Data:
══════

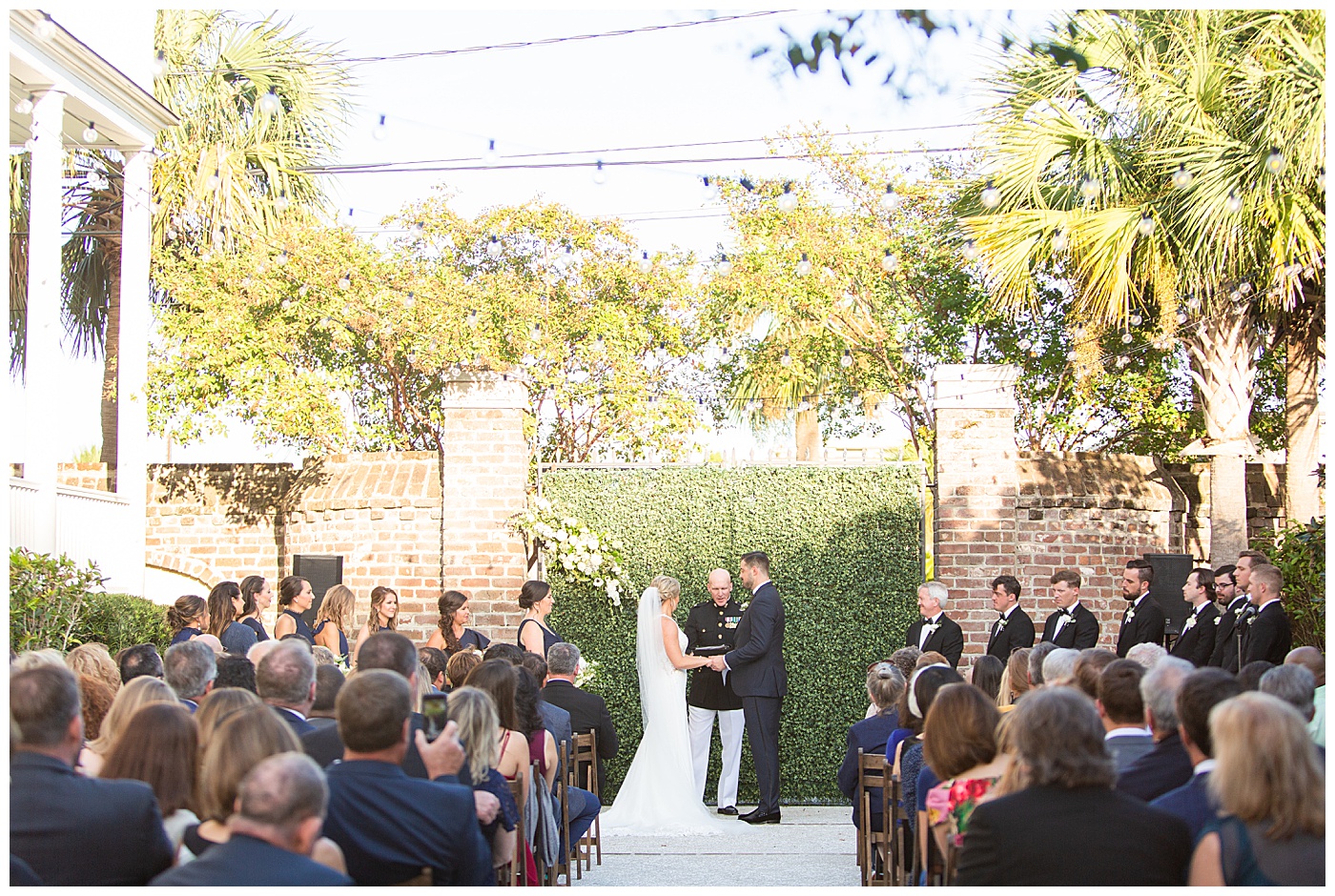 wedding ceremony at the gadsden house in charleston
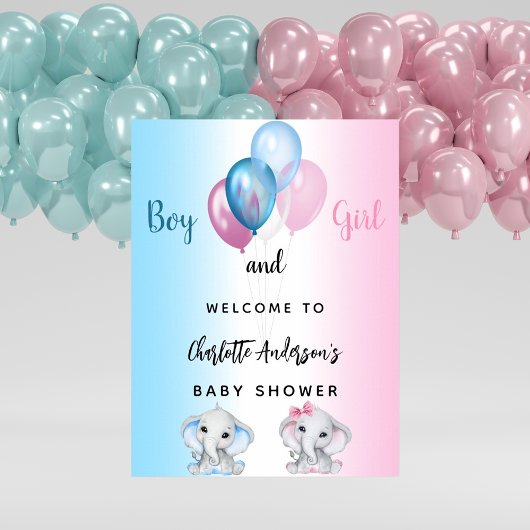 Poster Baby shower garçon fille bleu rose éléphants bienv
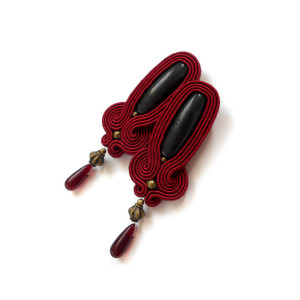 KOLCZYKI SUTASZ boho bordowe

══════

Task prompt: The expected output is the full data above, reproduced exactly with no images.

Written solution:
 wedding ceremony at the gadsden house in charleston
 Poster Baby shower garçon fille bleu rose éléphants bienv
 KOLCZYKI SUTASZ boho bordowe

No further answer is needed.